Recorded information:
"""

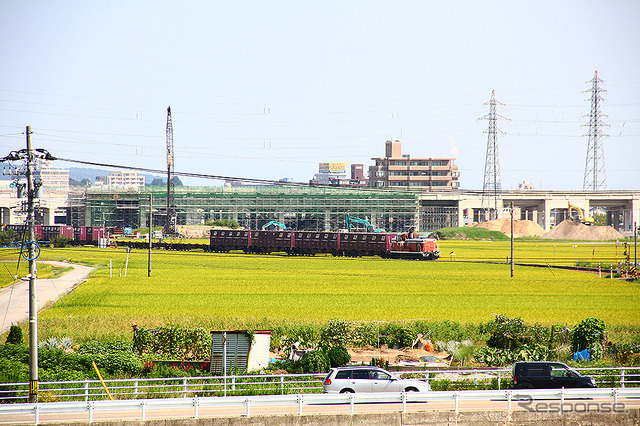 城端線二塚駅を経て中越パルプ工業二塚製造部に向かう貨物列車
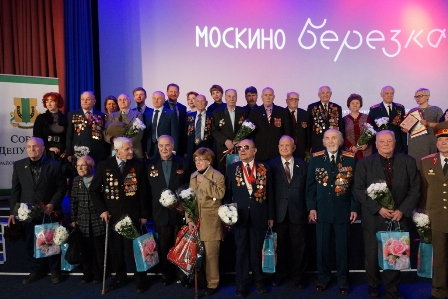 В Новогирееве состоялась торжественная передача кадетам капсулы с землёй Мамаева кургана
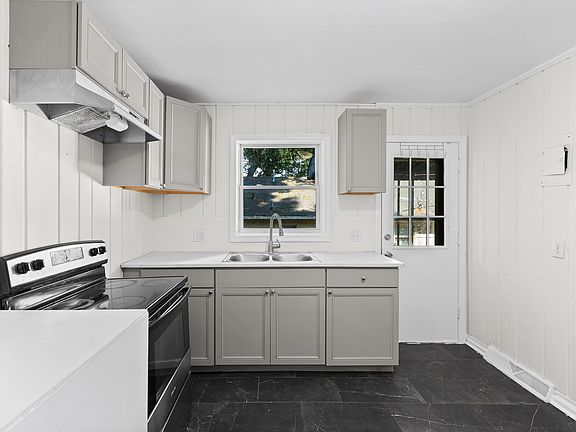 4th image of 1114 W Academy St #1114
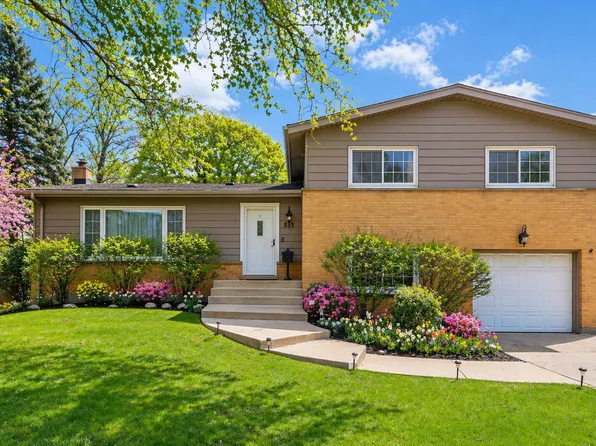 813 Castlewood Ln, Deerfield, IL 60015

"""

What this task involves: Except for the pictures, return every line of the material exactly.

The answer:
 城端線二塚駅を経て中越パルプ工業二塚製造部に向かう貨物列車
 В Новогирееве состоялась торжественная передача кадетам капсулы с землёй Мамаева кургана
 4th image of 1114 W Academy St #1114
 813 Castlewood Ln, Deerfield, IL 60015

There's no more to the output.